- Born: c. 1428 Halstead, Essex, England
- Died: 3 November 1495 Halstead, Essex, England
- Spouse: Elizabeth Grey ​ ​(m. 1462; died 1490)​ Elizabeth Chicheley ​ ​(m. 1490; died 1495)​
- Parents: Henry Bourchier, 1st Earl of Essex (father); Isabel of Cambridge, Countess of Essex (mother);

= John Bourchier, 6th Baron Ferrers of Groby =

English noble (c. 1428 – 1495)

Sir John Bourchier (c. 1428 – 1495) was a 15th-century English knight and nobleman. He was steward of the Honour of Richmond. Bourchier fought in the Battle of Bosworth in 1485 on the side of King Richard III.

Bourchier was the fourth son of Henry Bourchier, 1st Earl of Essex and his wife Isabel of Cambridge, Countess of Essex.

Before 2 May 1462, Bourchier married to the heiress Lady Elizabeth Grey, widow of Sir Edward Grey, jure uxoris 6th Baron Ferrers of Groby (d. 18 December 1457).

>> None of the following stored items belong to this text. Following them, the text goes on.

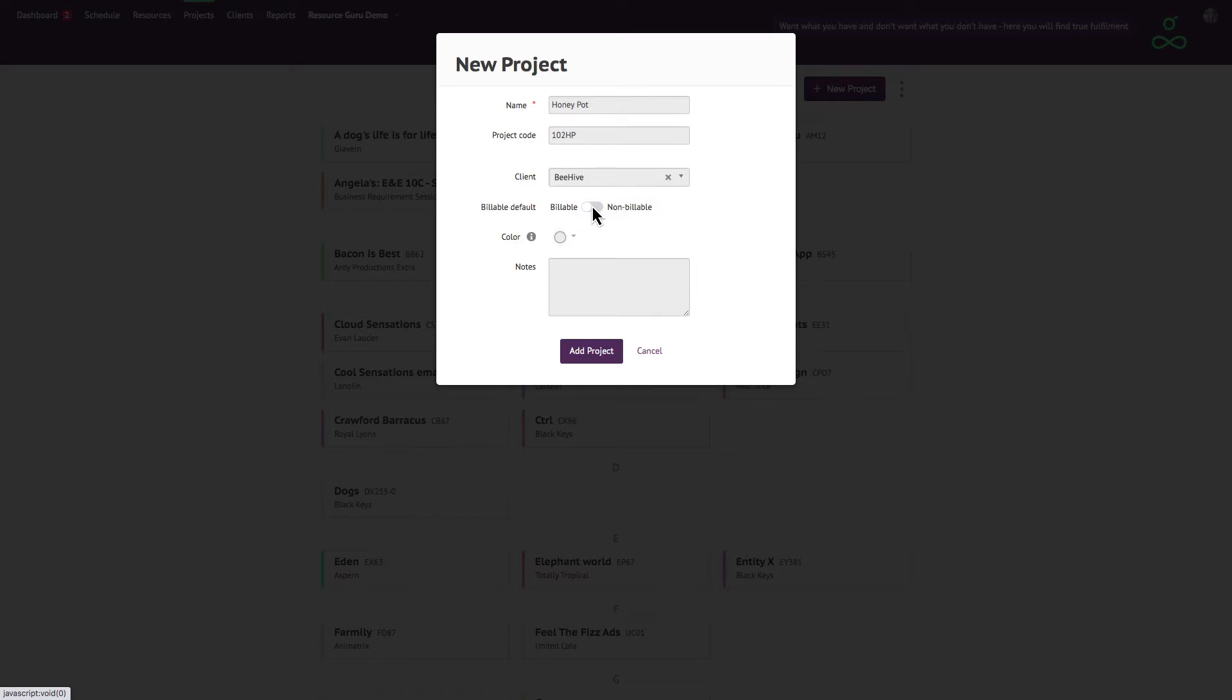Choose whether your project is billable or non-billable by default. This setting will be used automatically for all new bookings for the project, but you can always override it for individual bookings if necessary.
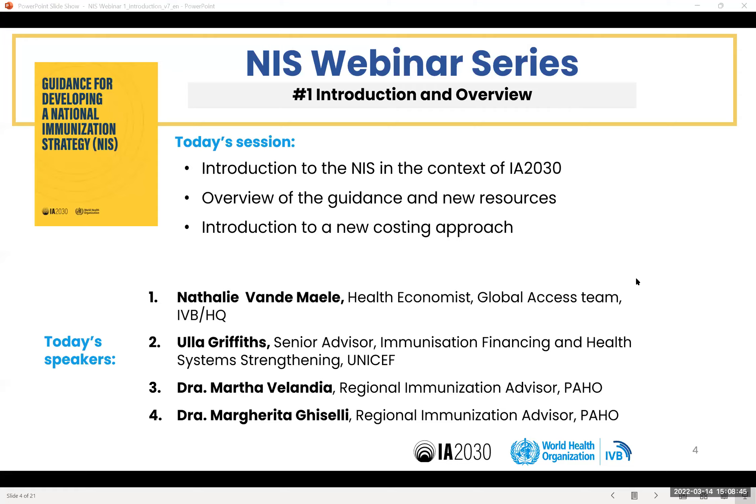Thank you, Marta. Thank you very much. Allow me to share the slides again. And now I will pass the word to Natalie Vande Maele, Health Economist of the WHO team at headquarters, to start the presentation.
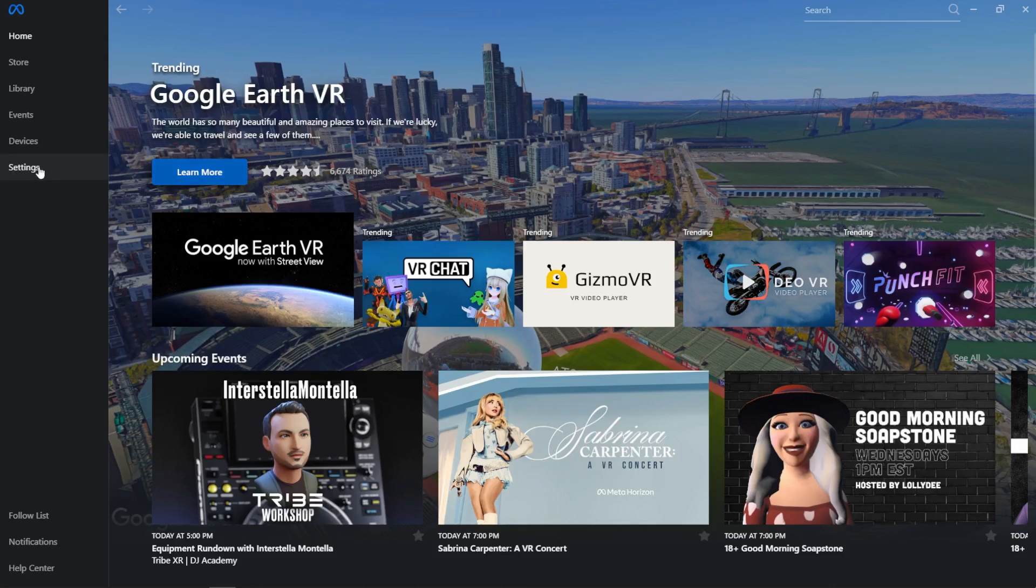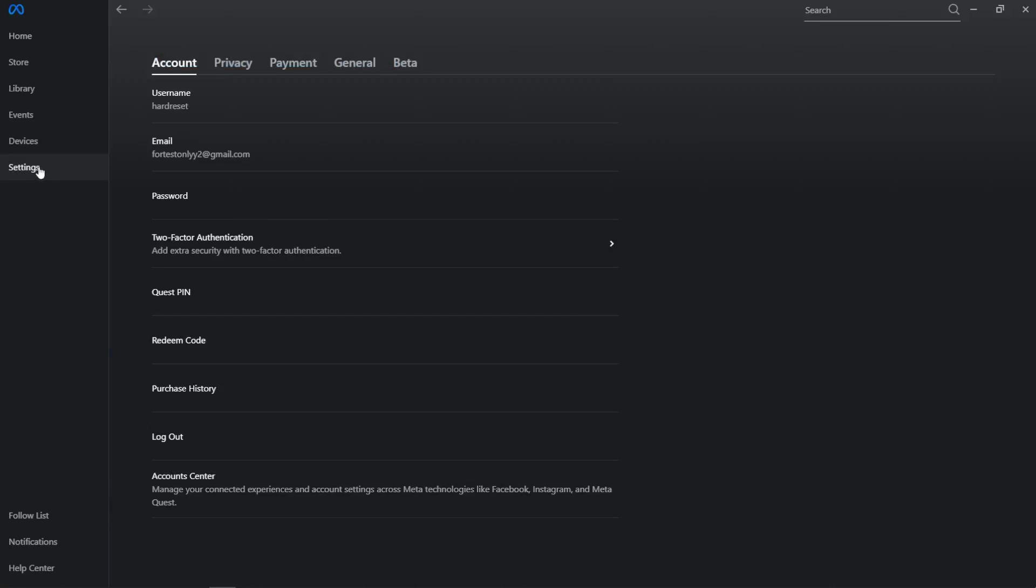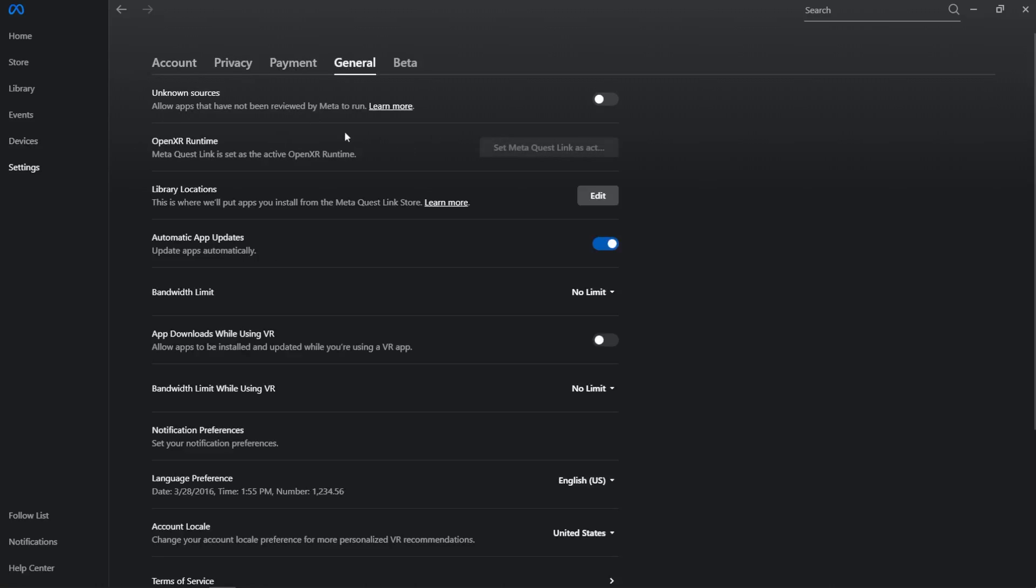Go into settings, then go to general. Now in OpenXR runtime, if it's not set as active, or if MetaQuestLink is not set as the active OpenXR runtime, then you'll be able to click on this button to set MetaQuestLink as active OpenXR runtime.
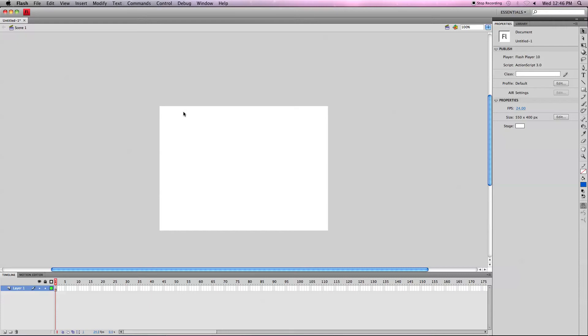Hello and welcome to this tutorial on how to use the ink bottle tool in Flash CS4. Let's get started.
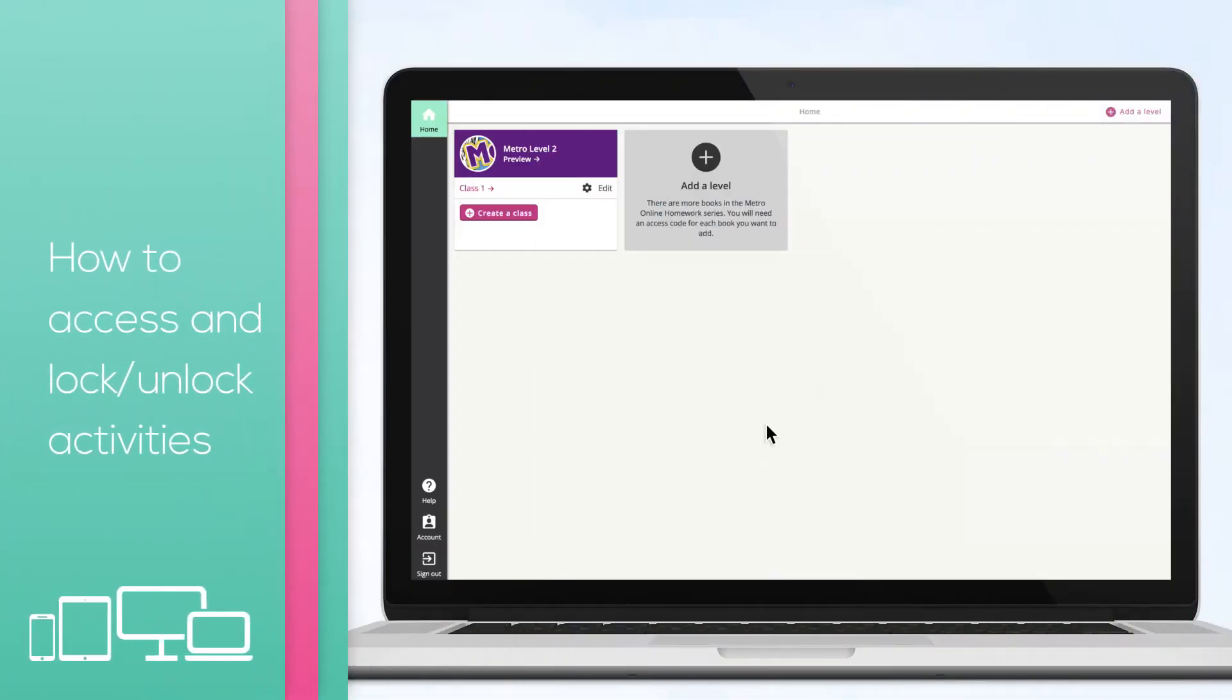As a teacher, you can choose which activities your students can access and which they can't. This is done by locking and unlocking activities as you work through the course.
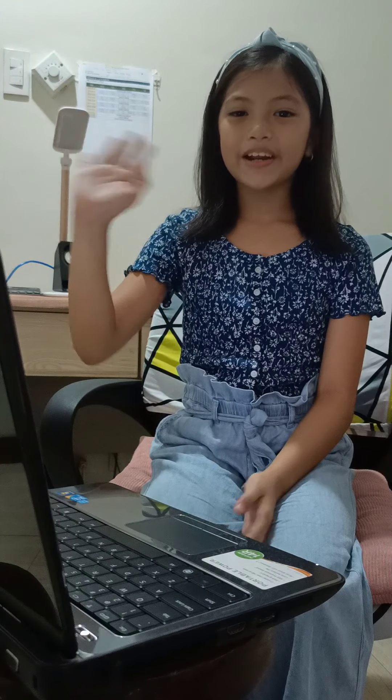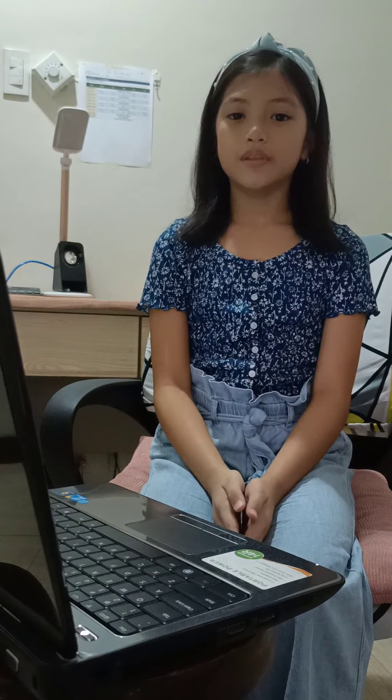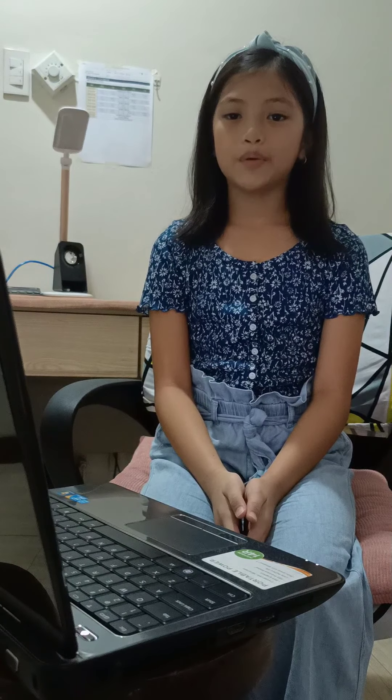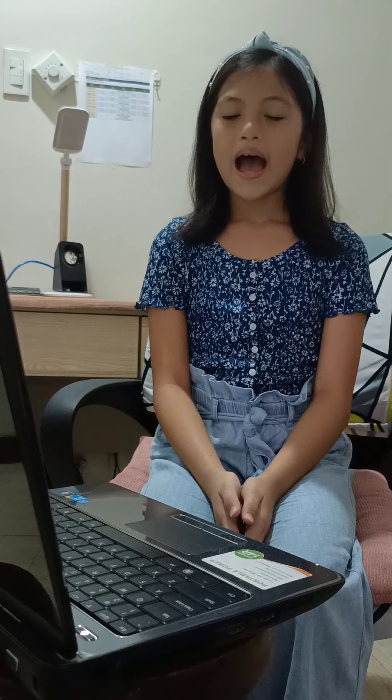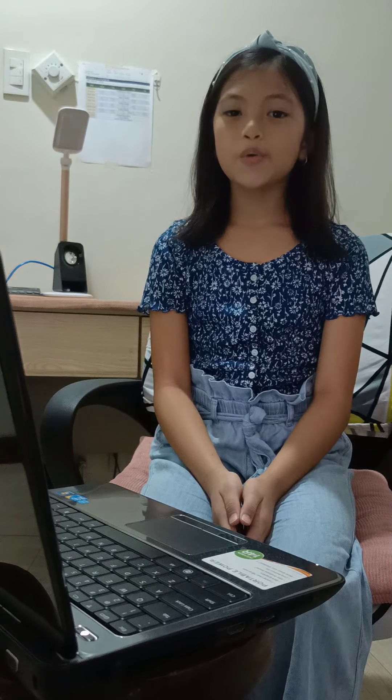Hi there! Good morning! Today, I will be your math teacher. I am Ms. Lakeisha Ann M. Lopez.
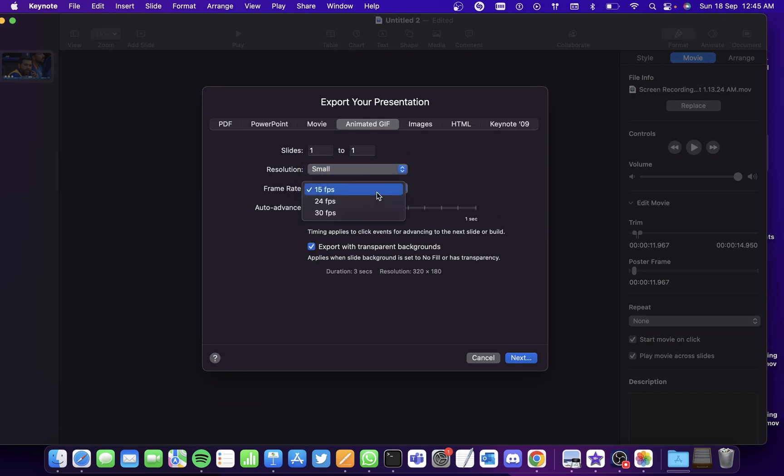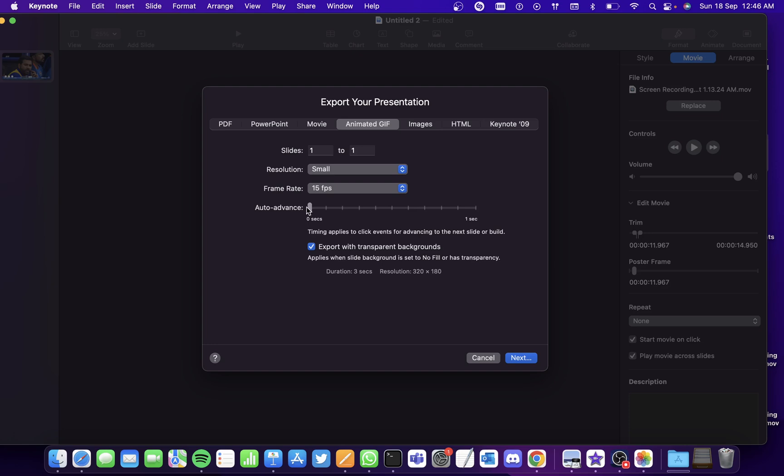Having it small and having the frame rate a bit lower will reduce the size of the animated gif and it'll be easier to pass on while texting or while sharing it with whom you want. And also set Auto Advance to zero which will reduce the delay in the animated gif.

Lady Elizabeth was the granddaughter and heiress of William Ferrers, 5th Baron Ferrers of Groby in her own right. When Lady Ferrers remarried to Bourchier, he received the title of Baron Ferrers of Groby (jure uxoris). They had no issue. After the death of Lady Ferrers, Bourchier remarried to Elizabeth Chicheley before 6 July 1490.

Bourchier left a will dated 4 June 1495 in which he requested his burial in Beeleigh Abbey in Essex, next to the tomb of his parents.